» **Instructions for the task**
Write out exactly the lines below that run from the one containing "NWT Free Play" through the one containing "del país, NA", both included, with no other lines.

Given data: Begin

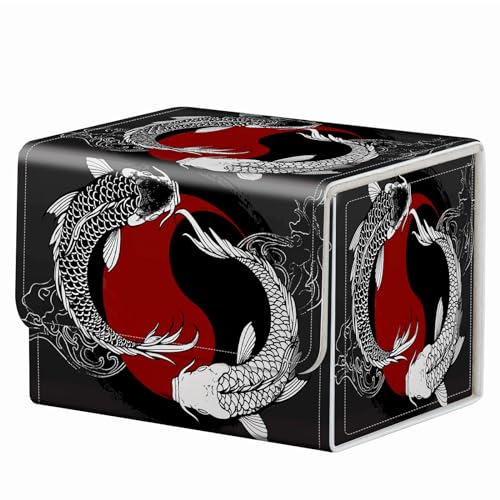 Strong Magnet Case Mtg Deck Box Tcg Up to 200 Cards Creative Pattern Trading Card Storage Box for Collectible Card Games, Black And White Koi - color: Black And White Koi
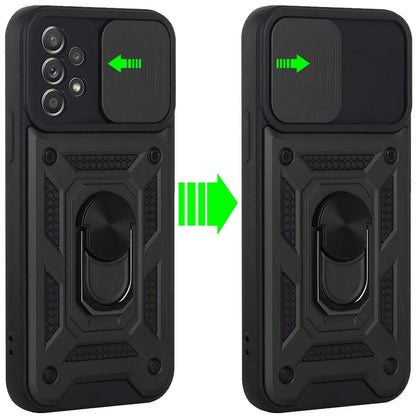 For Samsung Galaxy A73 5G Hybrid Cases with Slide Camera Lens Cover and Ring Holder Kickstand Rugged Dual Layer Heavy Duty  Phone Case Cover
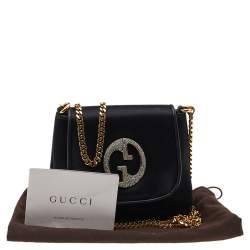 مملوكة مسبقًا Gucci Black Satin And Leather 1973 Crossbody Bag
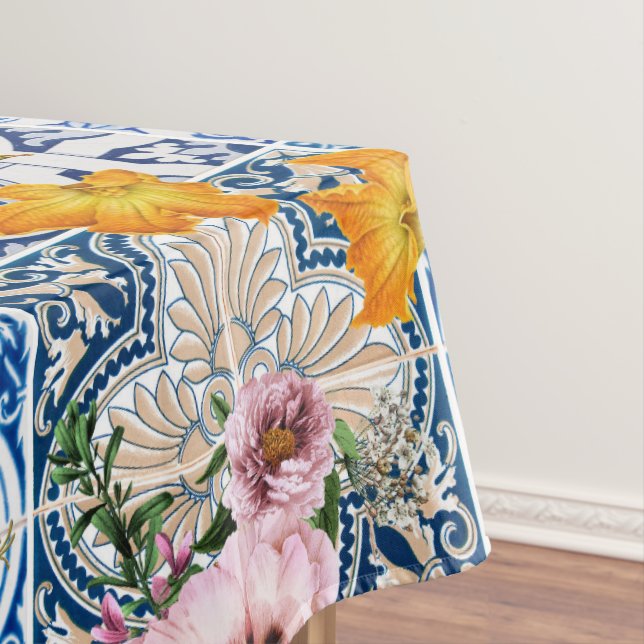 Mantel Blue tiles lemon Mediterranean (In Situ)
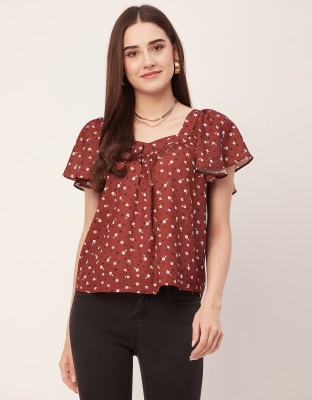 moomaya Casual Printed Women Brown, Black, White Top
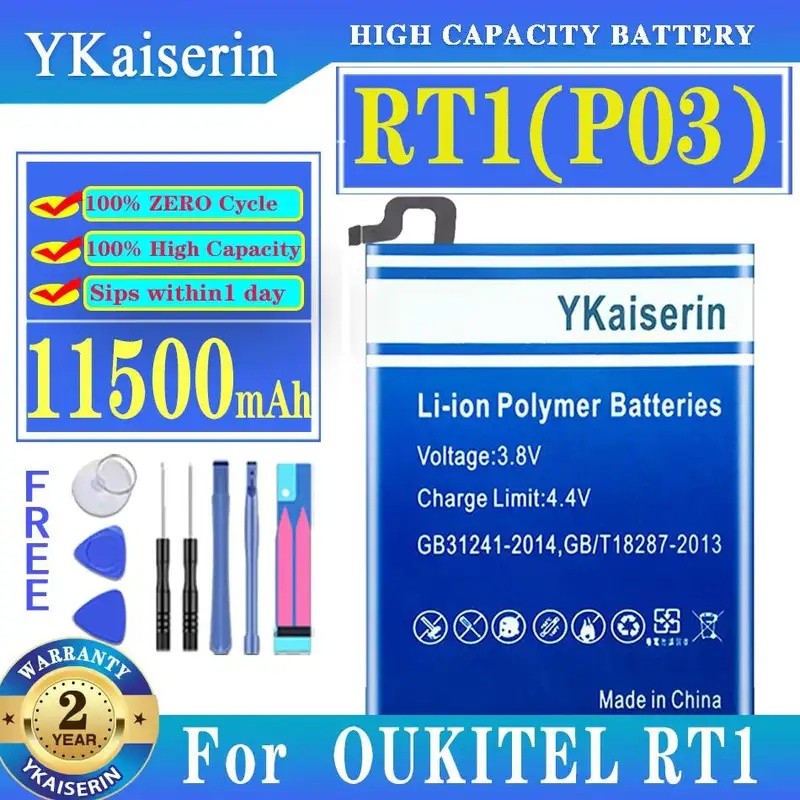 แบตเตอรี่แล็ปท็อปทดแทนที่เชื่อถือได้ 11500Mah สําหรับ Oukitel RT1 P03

Given data: End
Given data: Begin

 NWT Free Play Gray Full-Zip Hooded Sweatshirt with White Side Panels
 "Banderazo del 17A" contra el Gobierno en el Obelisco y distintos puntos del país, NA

Given data: End

» **Your response**
 NWT Free Play Gray Full-Zip Hooded Sweatshirt with White Side Panels
 "Banderazo del 17A" contra el Gobierno en el Obelisco y distintos puntos del país, NA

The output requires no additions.